Saturday, January 19, 2019

Mortgage Balance (UPDATE) - January 2019

If you have viewed our family's Net Worth Page, you probably already know that it does not include the equity in our home.  Although, we do realize that it is technically part of our overall net worth, we decided that since our home equity is not an asset that we can count on for income (unless we sell and buy something cheaper) we would exclude it from our net worth calculation.

For the purpose of this blog, we are more interested in documenting our loan balance rather than our home equity.  With that said, we will use the current Zillow value as our estimated home value and use it to figure out the percentage we owe on our home. For those interested, we will include the amount of our home equity, but know that we are less concerned with the equity since we have no plans to cash out or otherwise sell our home. Our main goal is to pay off our home on or before my retirement date. 

According to Zillow, our home is currently worth $856,408 (down $6,491 in the last 30-days). The housing market throughout California appears to be slowing down. We are seeing more inventory and houses staying on the market for longer. Normally, this would be seen as bad news to most, but my wife and I are contemplating the possibility of moving. We both have aging parents whom may eventually need us to help care for them. Our home does not have a down stairs bedroom so that would be a huge problems since we can't realistically expect them to climb the stairs each and every day in the old age. Our plans may take us on a different path this coming year. Stay tuned! ;)

Mortgage Balance (As of January 1st):
$244,164(down $2010 from our December post)

Percentage Owed:
28.5% (has remained the same since our December post)

Home Equity
$612,244 (down  $4,197 from our December post)
Mortgage Background:
For those that have not read the Preface on our home equity, we currently hold a 15-year fixed rate mortgage at the incredibly low rate of 2.875%.  My goal is to retire within 8 years and 5 months (101 months) so we are setting out to pay off our mortgage on or before my retirement date. Right now we are a few months behind the target retirement date. Currently, we have approximately 9 years and 5 months (111 months) left on our mortgage. Nevertheless, I would like to have it paid off in roughly 8 years. If we accomplish that, I plan to use the money we use to pay our mortgage and aggressively build our passive income to help supplement our retirement and defer tapping into the 457K for as long as possible so it can continue to grow. 

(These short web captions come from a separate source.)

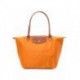 Longchamp Le Pliage Torby na ramię Mandarine Sklep Sprzedaż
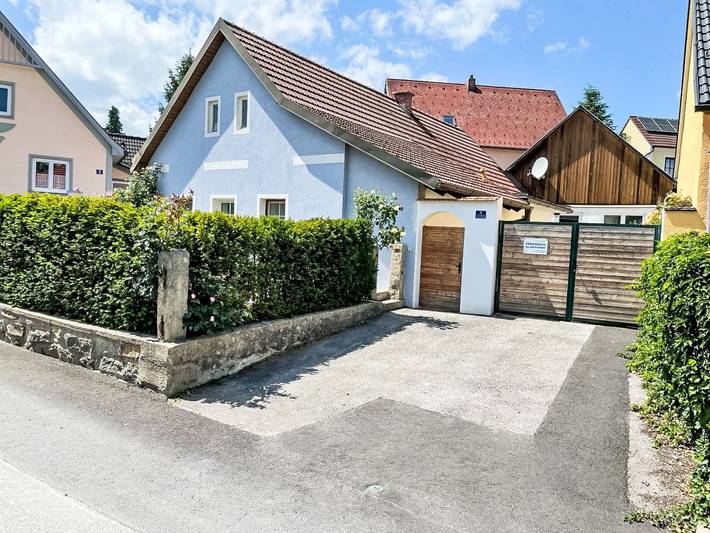 Casa Domingo in Schwarzenau, Bezirk Zwettl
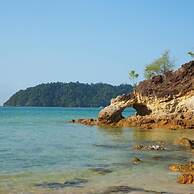 The Blue Sky Resort Koh Payam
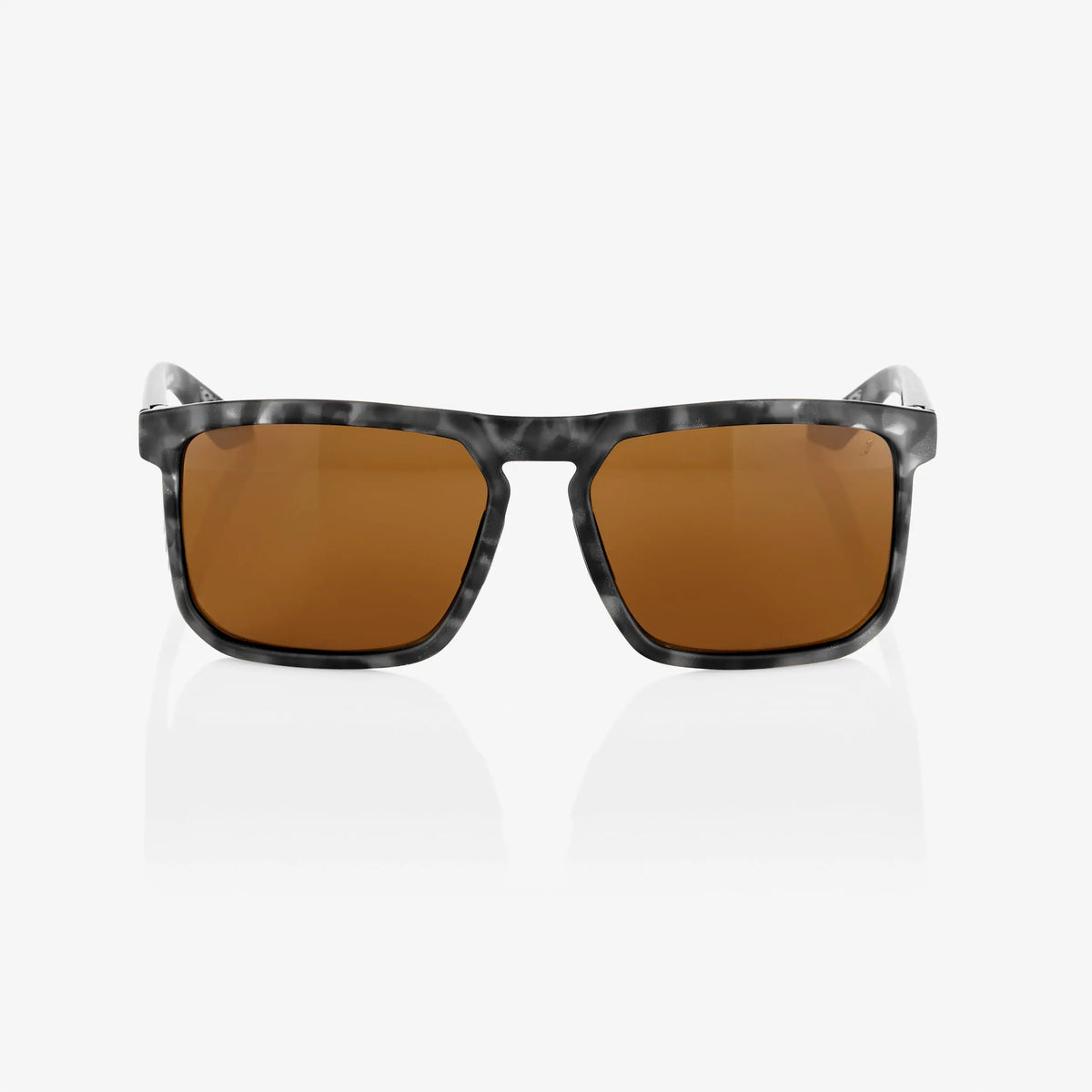 RENSHAW MATTE BLACK HAVANA/ BRONZE LENS - photo 2
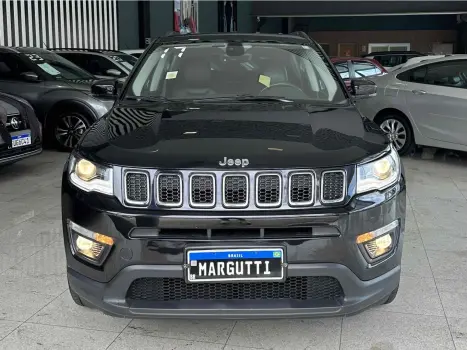 JEEP Compass , Foto 2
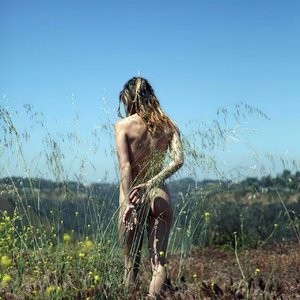Kaili Thorne Nude (6 New Photos) - Leaked Nudes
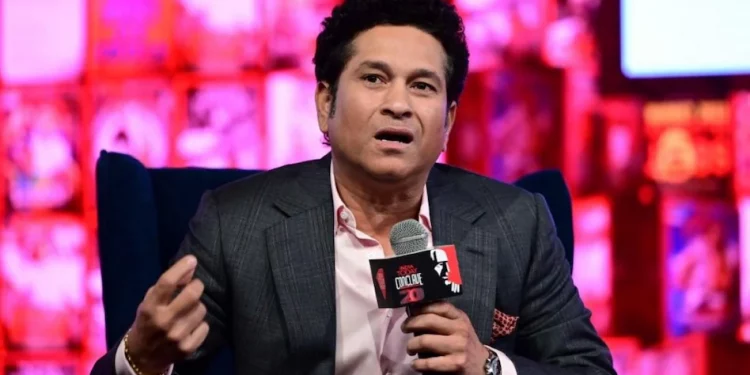 Sachin Tendulkar rubbishes BCCI presidency bid rumours 1 Sachin Tendulkar rubbishes BCCI presidency bid rumours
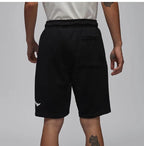 Nike Official Genuine JORDAN Men's Loose Breathable Sports Knit Shorts FV7310-010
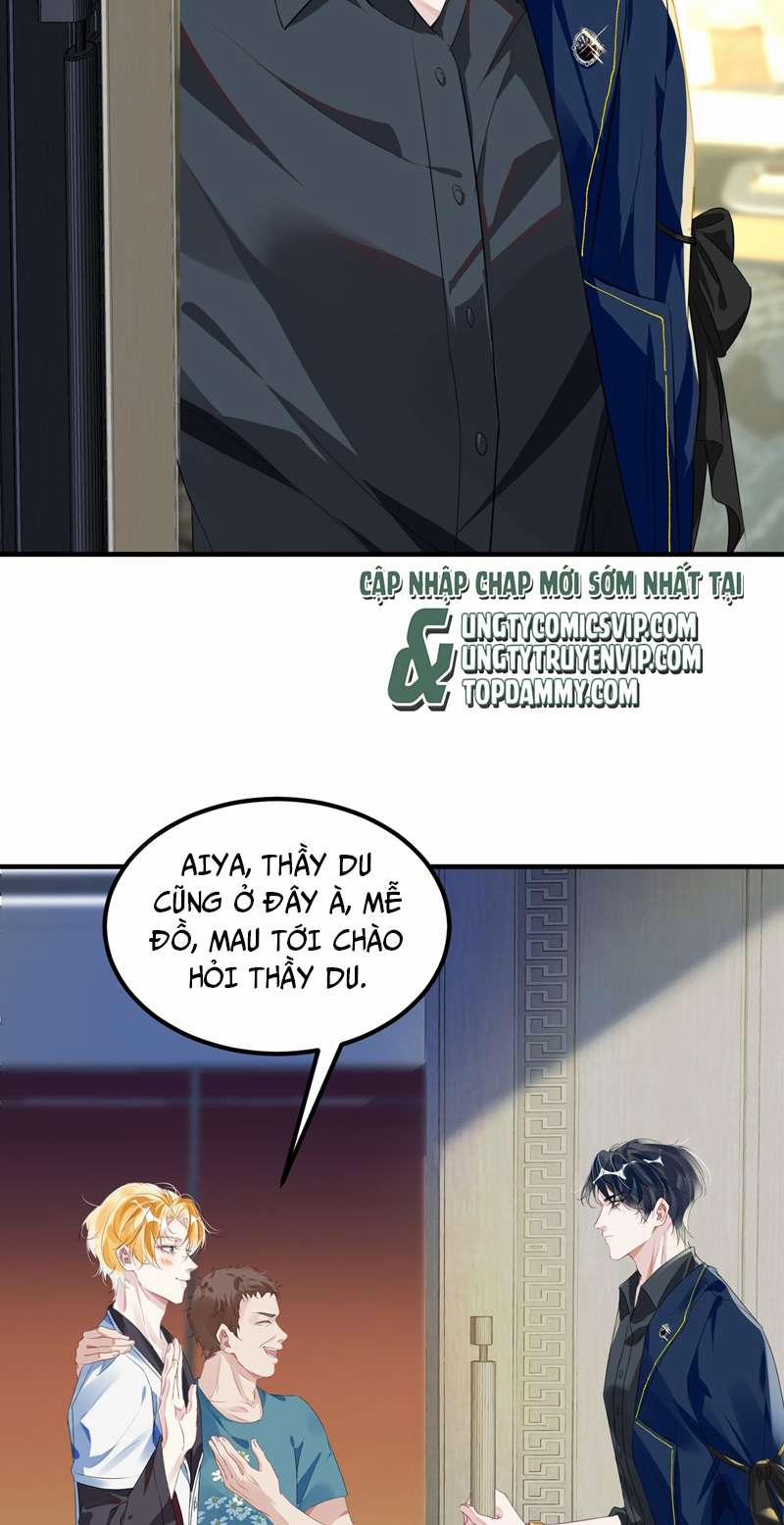 Sổ Tay Công Lược Ảnh Đế 2 trang 16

Right now we are not putting any extra money towards the principal given our low 2.875% interest rate. We feel that we could make our money grow faster by investing it and while keeping the money more liquid. At a certain point, maybe in 5-7 years, we may consider using some of the money from our investment accounts to wipe out the remaining mortgage balance.  Until then, we will continue to grow that money outside, rather than have it locked into our home.


  1. Great work and a new move can be very exciting. Hopefully it all works out for you. Thanks for giving us an update.

  2. AFFJ -

    Love seeing the balance trickle down, each and every month. At 2.875%, I don't blame you for not making full extra payments. Thoughts on applying credit card cash back towards the balance to make the gap between retirement and mortgage closer?


  3. Wow 2.875%! and I was happy with my 3.375% 30yr fixed. Have you tried to play with models to see what you need to grow on the outside to eventually just write that big check? For example, if your non-qualified assets (with additions) growing at X% compared to the pay down on the mortgage there would a crossover in year/month Z?

  4. Sounds like the right strategy if you're thinking longer-term - the compound impact of investing outside the mortgage should ultimately win out. Good luck with the home move if it happens - both and exciting and a daunting experience!